*Task inputs:*
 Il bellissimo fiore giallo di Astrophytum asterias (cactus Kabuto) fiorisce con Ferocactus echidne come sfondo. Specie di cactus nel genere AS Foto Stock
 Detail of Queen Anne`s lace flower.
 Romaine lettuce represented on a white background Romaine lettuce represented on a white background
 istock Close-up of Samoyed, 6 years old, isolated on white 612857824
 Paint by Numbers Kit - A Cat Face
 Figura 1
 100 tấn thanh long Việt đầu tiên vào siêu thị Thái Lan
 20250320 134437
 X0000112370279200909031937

...

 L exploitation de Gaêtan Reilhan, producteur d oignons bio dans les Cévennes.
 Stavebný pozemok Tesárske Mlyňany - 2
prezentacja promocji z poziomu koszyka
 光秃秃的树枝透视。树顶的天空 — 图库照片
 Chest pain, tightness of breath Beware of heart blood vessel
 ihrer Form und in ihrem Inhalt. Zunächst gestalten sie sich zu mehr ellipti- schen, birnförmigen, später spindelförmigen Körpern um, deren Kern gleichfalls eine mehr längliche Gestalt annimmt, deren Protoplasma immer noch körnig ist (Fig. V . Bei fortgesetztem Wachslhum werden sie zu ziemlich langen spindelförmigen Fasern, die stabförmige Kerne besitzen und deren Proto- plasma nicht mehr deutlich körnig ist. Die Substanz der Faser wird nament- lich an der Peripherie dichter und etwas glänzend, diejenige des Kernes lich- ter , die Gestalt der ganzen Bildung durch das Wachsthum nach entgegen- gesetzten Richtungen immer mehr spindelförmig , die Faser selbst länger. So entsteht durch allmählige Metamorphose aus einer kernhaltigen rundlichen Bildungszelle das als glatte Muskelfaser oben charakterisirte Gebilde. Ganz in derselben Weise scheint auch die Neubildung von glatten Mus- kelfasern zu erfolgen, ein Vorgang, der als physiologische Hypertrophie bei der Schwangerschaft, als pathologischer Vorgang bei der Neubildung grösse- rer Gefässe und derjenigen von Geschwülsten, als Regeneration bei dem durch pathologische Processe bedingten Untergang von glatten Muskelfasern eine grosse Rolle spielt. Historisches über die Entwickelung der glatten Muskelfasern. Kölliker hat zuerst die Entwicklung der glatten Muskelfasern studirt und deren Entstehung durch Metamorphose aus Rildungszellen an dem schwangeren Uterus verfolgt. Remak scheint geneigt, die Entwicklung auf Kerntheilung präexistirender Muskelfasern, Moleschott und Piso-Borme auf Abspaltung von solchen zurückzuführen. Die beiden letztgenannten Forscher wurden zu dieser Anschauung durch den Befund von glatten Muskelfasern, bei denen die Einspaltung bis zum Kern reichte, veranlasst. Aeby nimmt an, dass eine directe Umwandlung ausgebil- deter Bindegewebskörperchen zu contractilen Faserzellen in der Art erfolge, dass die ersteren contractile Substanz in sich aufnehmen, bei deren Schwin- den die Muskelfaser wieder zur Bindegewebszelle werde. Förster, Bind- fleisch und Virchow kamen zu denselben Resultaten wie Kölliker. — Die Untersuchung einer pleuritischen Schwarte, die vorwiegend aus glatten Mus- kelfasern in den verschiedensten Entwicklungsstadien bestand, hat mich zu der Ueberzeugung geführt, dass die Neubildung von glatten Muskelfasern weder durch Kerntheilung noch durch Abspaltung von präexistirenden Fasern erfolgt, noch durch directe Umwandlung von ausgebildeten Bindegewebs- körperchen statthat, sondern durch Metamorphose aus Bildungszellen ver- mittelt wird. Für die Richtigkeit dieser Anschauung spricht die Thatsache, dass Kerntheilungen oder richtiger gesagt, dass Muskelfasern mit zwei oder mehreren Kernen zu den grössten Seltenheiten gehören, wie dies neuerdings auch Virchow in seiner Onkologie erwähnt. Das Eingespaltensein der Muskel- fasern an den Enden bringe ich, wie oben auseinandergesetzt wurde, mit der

*What the exercise asks:* From the records above, print exactly the lines that run from the line with "Il bellissimo fiore" to the line with "Detail of Queen", inclusive.

*Final answer:*
 Il bellissimo fiore giallo di Astrophytum asterias (cactus Kabuto) fiorisce con Ferocactus echidne come sfondo. Specie di cactus nel genere AS Foto Stock
 Detail of Queen Anne`s lace flower.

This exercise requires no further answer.